A retrospective cohort analysis was performed on consecutive patients with ULMT stenosis who electively underwent percutaneous coronary intervention (PCI) with drug-eluting stent (DES) implantation in order to assess the technical feasibility and long-term outcomes according to the disease distribution in the trifurcation branches (true vs. non-true ULMT). Primary endpoint of the study was a composite of major adverse cardiovascular events (MACE) defined as cardiac-death, myocardial infarction (MI), and target lesion revascularization (TLR) during follow-up.

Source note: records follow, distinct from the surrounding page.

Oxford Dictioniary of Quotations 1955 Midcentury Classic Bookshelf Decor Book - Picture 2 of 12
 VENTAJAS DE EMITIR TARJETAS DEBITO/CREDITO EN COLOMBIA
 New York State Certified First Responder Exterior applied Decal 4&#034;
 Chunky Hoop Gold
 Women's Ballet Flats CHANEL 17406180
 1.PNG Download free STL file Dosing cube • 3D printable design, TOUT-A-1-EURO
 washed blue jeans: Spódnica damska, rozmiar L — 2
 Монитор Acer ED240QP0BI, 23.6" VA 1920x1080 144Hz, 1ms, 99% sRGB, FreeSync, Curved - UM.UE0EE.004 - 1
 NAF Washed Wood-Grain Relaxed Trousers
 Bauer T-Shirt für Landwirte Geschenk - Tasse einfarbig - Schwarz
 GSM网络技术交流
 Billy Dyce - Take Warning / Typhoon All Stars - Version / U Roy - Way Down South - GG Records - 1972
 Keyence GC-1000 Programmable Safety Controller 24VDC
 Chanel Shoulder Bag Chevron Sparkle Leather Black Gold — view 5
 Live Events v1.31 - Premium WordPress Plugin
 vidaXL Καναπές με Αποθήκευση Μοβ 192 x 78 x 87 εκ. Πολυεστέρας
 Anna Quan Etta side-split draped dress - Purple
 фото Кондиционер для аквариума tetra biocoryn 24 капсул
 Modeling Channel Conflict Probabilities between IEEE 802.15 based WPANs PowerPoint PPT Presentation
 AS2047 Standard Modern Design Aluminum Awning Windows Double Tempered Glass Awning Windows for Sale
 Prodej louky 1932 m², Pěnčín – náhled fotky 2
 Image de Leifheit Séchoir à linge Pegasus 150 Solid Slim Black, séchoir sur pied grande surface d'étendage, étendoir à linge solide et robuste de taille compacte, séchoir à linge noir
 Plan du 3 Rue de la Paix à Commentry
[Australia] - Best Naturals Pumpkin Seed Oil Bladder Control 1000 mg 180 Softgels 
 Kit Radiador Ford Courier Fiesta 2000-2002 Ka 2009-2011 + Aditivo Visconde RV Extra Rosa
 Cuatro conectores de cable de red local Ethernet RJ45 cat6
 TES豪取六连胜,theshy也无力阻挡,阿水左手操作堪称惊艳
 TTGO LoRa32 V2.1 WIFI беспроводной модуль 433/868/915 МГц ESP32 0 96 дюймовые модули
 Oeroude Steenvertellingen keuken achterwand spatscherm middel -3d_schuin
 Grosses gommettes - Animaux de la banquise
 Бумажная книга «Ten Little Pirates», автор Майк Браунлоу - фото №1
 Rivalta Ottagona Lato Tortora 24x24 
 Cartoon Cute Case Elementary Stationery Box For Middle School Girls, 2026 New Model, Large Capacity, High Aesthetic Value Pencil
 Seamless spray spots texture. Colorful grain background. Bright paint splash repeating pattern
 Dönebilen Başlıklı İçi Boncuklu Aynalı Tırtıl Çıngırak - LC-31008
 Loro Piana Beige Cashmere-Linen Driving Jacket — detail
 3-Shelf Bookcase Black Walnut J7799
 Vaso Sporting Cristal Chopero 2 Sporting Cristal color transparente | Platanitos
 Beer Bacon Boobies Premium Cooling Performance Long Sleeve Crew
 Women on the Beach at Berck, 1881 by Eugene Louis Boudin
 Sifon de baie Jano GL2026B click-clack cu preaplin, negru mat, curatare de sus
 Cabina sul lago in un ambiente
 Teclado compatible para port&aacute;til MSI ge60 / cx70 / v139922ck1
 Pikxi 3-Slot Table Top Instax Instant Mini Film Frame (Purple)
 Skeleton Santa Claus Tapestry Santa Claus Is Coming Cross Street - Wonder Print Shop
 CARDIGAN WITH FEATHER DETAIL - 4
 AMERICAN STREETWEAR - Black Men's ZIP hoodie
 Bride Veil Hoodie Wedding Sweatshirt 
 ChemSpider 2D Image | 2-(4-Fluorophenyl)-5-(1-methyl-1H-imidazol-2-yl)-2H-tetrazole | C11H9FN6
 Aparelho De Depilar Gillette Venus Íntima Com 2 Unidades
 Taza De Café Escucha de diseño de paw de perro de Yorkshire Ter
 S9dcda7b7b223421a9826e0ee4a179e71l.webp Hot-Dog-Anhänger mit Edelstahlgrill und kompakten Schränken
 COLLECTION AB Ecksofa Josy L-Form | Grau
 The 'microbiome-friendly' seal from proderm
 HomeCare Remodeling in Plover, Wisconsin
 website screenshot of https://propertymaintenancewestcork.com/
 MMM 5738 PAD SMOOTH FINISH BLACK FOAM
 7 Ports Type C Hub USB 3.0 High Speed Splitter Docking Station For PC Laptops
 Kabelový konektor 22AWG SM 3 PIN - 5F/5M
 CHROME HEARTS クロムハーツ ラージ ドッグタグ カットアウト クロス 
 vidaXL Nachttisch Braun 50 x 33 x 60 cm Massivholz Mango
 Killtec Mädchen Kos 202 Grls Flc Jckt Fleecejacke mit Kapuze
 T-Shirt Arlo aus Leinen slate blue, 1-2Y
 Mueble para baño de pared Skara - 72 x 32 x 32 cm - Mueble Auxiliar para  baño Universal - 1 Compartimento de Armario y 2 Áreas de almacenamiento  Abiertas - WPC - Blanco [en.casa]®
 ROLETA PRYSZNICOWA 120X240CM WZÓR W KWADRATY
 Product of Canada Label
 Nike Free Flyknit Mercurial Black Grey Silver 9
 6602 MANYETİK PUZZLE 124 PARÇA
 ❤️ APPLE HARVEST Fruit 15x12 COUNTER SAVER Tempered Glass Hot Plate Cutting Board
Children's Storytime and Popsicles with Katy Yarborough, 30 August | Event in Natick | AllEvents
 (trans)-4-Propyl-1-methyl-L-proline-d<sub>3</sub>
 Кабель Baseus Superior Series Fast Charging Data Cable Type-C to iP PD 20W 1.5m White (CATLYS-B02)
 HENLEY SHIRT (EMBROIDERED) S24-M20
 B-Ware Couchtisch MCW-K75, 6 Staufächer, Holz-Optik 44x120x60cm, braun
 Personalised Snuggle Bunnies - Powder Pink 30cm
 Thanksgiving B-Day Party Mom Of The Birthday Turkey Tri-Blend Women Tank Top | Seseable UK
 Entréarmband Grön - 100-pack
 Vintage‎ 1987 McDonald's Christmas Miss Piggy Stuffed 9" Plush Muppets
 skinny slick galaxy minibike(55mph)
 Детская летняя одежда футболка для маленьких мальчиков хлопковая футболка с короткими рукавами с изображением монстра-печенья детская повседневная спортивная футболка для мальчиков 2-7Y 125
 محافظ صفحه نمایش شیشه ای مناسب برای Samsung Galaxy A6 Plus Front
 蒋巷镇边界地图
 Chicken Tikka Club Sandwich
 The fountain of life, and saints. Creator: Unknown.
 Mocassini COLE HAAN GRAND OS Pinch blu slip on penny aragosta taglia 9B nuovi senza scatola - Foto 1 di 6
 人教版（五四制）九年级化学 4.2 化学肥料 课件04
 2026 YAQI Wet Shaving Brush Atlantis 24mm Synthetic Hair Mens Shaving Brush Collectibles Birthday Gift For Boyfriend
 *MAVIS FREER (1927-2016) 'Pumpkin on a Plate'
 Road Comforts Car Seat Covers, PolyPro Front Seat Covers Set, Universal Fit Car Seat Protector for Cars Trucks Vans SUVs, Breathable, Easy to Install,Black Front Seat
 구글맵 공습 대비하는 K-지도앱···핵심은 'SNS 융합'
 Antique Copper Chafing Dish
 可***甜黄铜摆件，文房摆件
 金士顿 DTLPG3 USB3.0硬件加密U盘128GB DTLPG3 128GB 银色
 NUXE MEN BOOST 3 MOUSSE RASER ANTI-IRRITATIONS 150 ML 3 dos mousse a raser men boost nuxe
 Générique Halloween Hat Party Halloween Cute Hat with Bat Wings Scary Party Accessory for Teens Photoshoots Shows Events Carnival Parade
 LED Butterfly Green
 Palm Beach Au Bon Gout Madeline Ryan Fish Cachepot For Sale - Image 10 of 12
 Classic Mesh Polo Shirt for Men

Eighty-four patients underwent PCI with DES for ULMT disease during the study period (40 true trifurcation and 44 non-true trifurcation). Angiographic and procedural success were obtained in 94% and 92.8% of cases. At 3-years follow-up, the occurrence of MACE was significantly higher in patients with true ULMT than in those with non-true ULMT (HR 2.801 [confidence interval; CI 1.164–7.896], P = 0.025) due to a higher TLR rate (HR 3.032 [CI 1.164–7.896], P = 0.023). No episodes of late and very late definite/probable stent thrombosis (ST) occurred. On multivariable analysis, a true-ULMT lesion was the only independent predictor of MACE (HR 2.344 [C.I. 1.006–5.461], P = 0.049).


PCI with DES for ULMT stenosis is feasible with a high procedural success rate and no definite/probable ST reported at follow-up. A true trifurcation lesion is associated with enhanced risk of MACE mainly driven by TLR. © 2013 Wiley Periodicals, Inc.